The problem nowadays with glam rock is that its reputation goes before it and its reputation isn't a good one, not helped by Gary Glitter driving a stake through its heart with the exposure of all his crimes. At the time, however, glam rock was the sight and sound of a wedge being driven between generations. Decades don't normally cut off neatly from each other but tend instead to bleed into one and other. Subsequently, the Sixties didn't end in December of 1969 and nor did they end at Altamont. Likewise, the Seventies didn't begin in January 1970 nor did they begin with Bowie announcing he was 'gay and always had been'. Culture is never cut and dried and neither is history


According to Barney Hoskyns in his book Glam!, it was Marc Bolan who began the glam rock 'revolution', driven by his desire for pop success, by changing his musical style from hippy whimsy to cosmic electric, and by applying glitter make-up to his face for his appearance on Top of the Pops. According to music producer Tony Visconti, however, it was Bowie and Bolan simultaneously who invented glam, with Bowie pushed in that direction by his then wife Angie. According to Lou Reed on the other hand, glam came from Andy Warhol and in particular his Factory Superstars Jackie Curtis and Holly Woodlawn who for some time had been making costumes out of things they found in the street, and wearing make-up, nail polish and glitter.

Who we should thank for glam is academic, of course. More importantly and as conveyed by Hoskyns, what glam's great gift to legions of disaffected teenagers was the implicit invitation for them to reinvent themselves. To strike a pose, to revolt into style. This is precisely what Jackie Curtis, Holly Woodlawn, Wayne County, Cherry Vanilla, Candy Darling and indeed all of Andy Warhol's coterie did, transforming themselves from freaks and outcasts to instant superstars. Bolan and Bowie did the same, all of them in the process helping to build and add different elements to the torch that could be passed along and held aloft by future torch-bearers from the Sex Pistols to Marc Almond to Lady Gaga.

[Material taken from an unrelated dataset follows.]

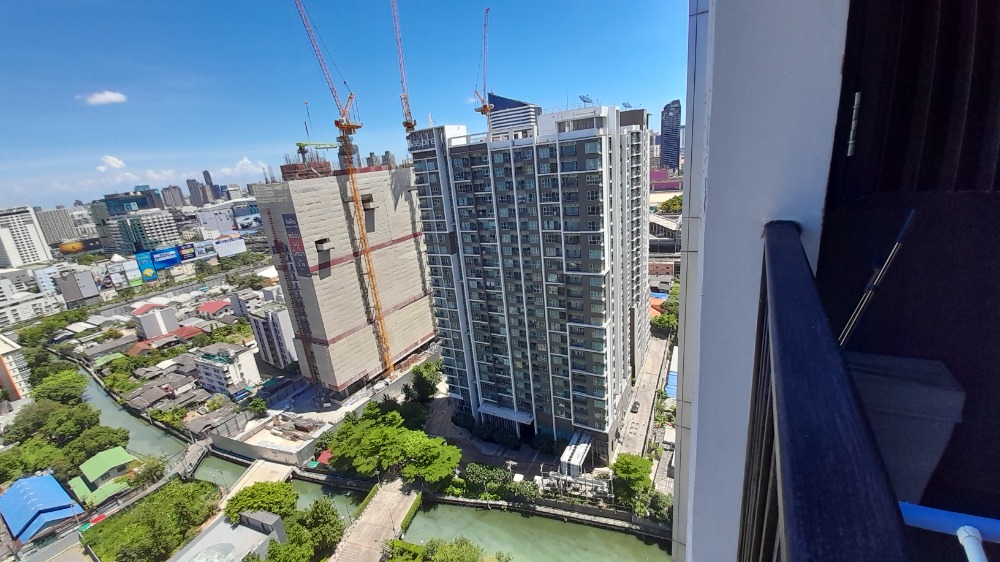 ขายคอนโดพระราม 9 เพชรบุรีตัดใหม่ RCA : ขาย คอนโด เลต มิสท์ พระราม9 พร้อมเฟอร์นิเจอร์ พร้อมอยู่ Condolette Midst Rama 9.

The phenomenal thing about glam was how very quickly it became the vehicle to take such things as androgyny and bisexuality into the mainstream, making it suddenly acceptable for blokes to put on a bit of make-up and to sport multi-colored tank-tops, platform shoes and feathered haircuts. Groups such as Slade, Sweet and The Glitter Band whose members wouldn't look out of place on a building site or behind the wheel of a lorry became the main representatives, pulling a host of other groups such as Roxy Music in their wake. With their retro-futurism Roxy Music in turn created another wake that broke down the barriers between high and low art, an attribute that Bowie ascribed the New York Dolls as also having.

Saying it before anyone else had the chance to, come 1973 Bolan was declaring that glam rock was dead though in response Angie Bowie replied that 'It may have been Nero fiddling, but he was playing a hell of a tune.' And she was right.

All in all, Barney Hoskyns' book is an adequate overview of glam, the only problem with it being he over-stretches himself and casts his net a little too far, in the process applying the glam label to Kiss and even Bette Midler. Kiss may indeed have been an attempt at appropriating glam but to the glam purist they never cut the mustard, at best being a kind of third-rate glam metal. The devil is always in the detail. To the glam purist there's a distinction between Mud, for example, and Showaddywaddy. That distinction might only be the cluster of baubles pinned to the ears of Mud's guitarist but it's an important one.

Hoskyns' book ends in 1997 with Gary Glitter having been arrested on suspicion of harbouring child pornography. There is then a footnote adding that he had been charged and was due to appear before magistrates. The rest is history. The Leader of The Gang was dead and so too 24 years after Bolan's original announcement was glam, Glitter's downfall being the final nail in the coffin, leaving many a good memory and many more good tunes but a very desecrated though still very glitter-encrusted corpse.